From predictive policing to the social media tracking of potential terrorists, governments worldwide rely increasingly on data-driven risk assessments. On March 21-22, the Robert L. Bernstein Institute for Human Rights hosted its second annual conference to address the human rights implications of this trend. Tyranny of the Algorithm? Predictive Analytics & Human Rights, featured over 30 speakers, including Samuel Rascoff, NYU professor and former director of intelligence analysis at the NYPD, and Latanya Sweeney, Harvard professor and former Chief Technologist at the Federal Trade Commission. The conference was attended by over 200 academics and practitioners. Consistent with the inter-disciplinary mission of the Institute, speakers and attendees came from a range of backgrounds with participants including legal academics, computer scientists, business leaders, anthropologists and law enforcement officials.

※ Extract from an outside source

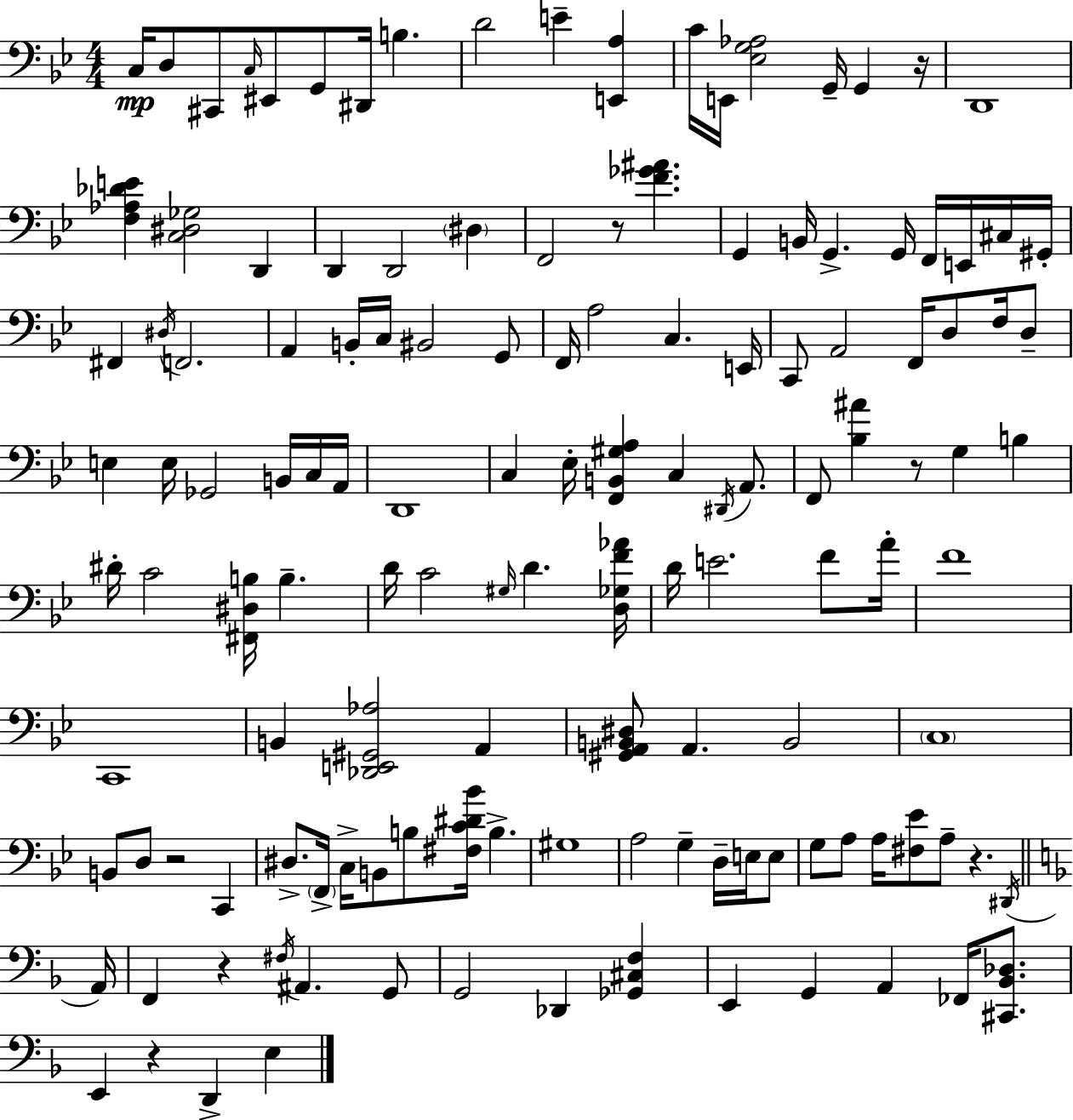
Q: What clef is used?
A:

Some speakers suggested that data-driven risk assessments may be a promising way to mitigate racial, gender, or religious bias in policing and counter-terrorism operations. Jeff Brantingham, UCLA professor of anthropology and co-founder of the predictive policing technology, PredPol, argued that algorithms can more accurately and objectively predict certain crime “hot spots” than human analysts. But the technology comes with risks. Patrick Ball, co-founder of Human Rights Data Analysis Group, explained how machine learning will get the wrong answers when unrepresentative data is fed into predictive algorithms. Jason Q. Ng, a research fellow at The Citizen Lab and data analyst at Tumblr raised the potential human rights concerns about the use of seemingly benign predictive technology by the Chinese government.

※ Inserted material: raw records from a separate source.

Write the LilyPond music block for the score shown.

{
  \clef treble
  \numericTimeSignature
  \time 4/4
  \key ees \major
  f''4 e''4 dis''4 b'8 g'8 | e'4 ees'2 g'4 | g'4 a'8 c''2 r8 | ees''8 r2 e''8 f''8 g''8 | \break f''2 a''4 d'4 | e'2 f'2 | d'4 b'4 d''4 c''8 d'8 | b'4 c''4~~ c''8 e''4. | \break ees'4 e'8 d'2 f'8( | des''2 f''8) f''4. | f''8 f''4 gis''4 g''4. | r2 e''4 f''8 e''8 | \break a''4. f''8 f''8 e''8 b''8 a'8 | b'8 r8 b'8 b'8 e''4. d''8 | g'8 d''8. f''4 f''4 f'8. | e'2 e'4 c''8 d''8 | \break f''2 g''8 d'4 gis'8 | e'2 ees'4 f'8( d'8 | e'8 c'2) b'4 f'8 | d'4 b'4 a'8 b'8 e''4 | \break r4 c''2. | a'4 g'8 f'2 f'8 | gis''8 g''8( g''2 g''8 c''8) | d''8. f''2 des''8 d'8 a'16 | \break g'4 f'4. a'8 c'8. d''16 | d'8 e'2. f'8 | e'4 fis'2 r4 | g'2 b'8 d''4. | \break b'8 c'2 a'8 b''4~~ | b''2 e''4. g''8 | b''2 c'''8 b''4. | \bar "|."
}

Speakers also addressed ways to improve human rights accountability in the field of predictive analytics. One approach, discussed by Frank Romo, an analyst with Million Hoodies for Justice, is for communities to use the tools of predictive analytics to monitor government activity. Just as predictive technology can help police anticipate sites of future crime, so too can the technology be used to predict sites of future police violence. And Sorelle Friedler, a computer science professor at Haverford College and fellow at Data & Society, spoke about her work on building fair algorithms.